16. N. Lauren hires D. Humphrey, CPA, to audit her financial statements. The engagement letter includes a statement acknowledging that audited financial statements are required to be filed with a regulatory body by October 1. Humphrey does not complete the audit until October 5. Lauren is late filing the financial statements and is fined $100,000 by the regulatory body. Lauren would most likely sue Humphrey claiming 
A
. Breach of contract.
B
. Ordinary negligence.
C
. Gross negligence.
D
. Constructive fraud.

17. Which of the following is not part of the definition of proportionate liability adopted by the Private Securities Litigation Reform Act? 
A
. The total responsibility for loss is divided among all parties responsible for the loss.
B
. Defendants who knowingly committed a violation of securities laws remain jointly and severally liable.
C
. The full amount of damages may be recovered from any defendants involved in the action.
D
. A solvent defendant’s liability may be increased by 50 percent if other defendants are insolvent.

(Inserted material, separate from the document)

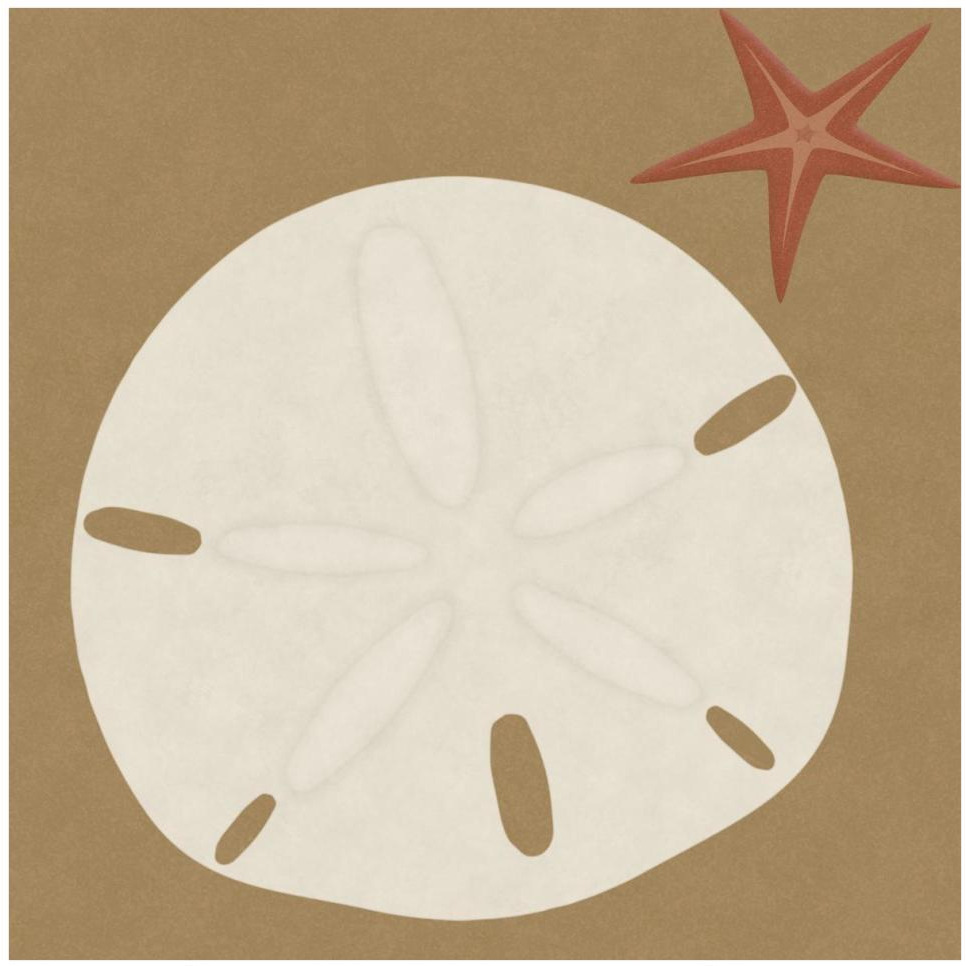 Summer Fun Sand Dollar-Paper Art-42&quotx42"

18. Which of the following factors would not influence third parties’ abilities to bring suit against auditors for ordinary negligence under common law? 
A
. The extent to which the third party relied upon the misstated financial statements and this reliance resulted in their loss.
B
. The nature of the activity by the auditors that resulted in their failure to exercise appropriate levels of professional care.
C
. The relationship between the auditors and a third party.
D
. The jurisdiction in which the action occurred.

19. When a client sues an accountant for failure to perform consulting work properly, the accountants’ best defense is probably based on the doctrine of 
A
. Lack of privity of contract.
B
. Contributory negligence on the part of the client.
C
. Lack of any measurable dollar amount of damages.
D
. No negligence on the part of the consultant.

20. Under the liability provisions of section 11 of the Securities Act of 1933, auditors may be liable to any purchaser of a security for certifying materially misstated financial statements that are included in the registration statement. Under section 11, auditors usually are not liable to the purchaser 
A
. If they can show contributory negligence on the part of the purchaser.
B
. If they can demonstrate due diligence.
C
. Unless the purchaser can prove privity with the auditors.
D
. Unless the purchaser can prove scienter on the part of the auditors.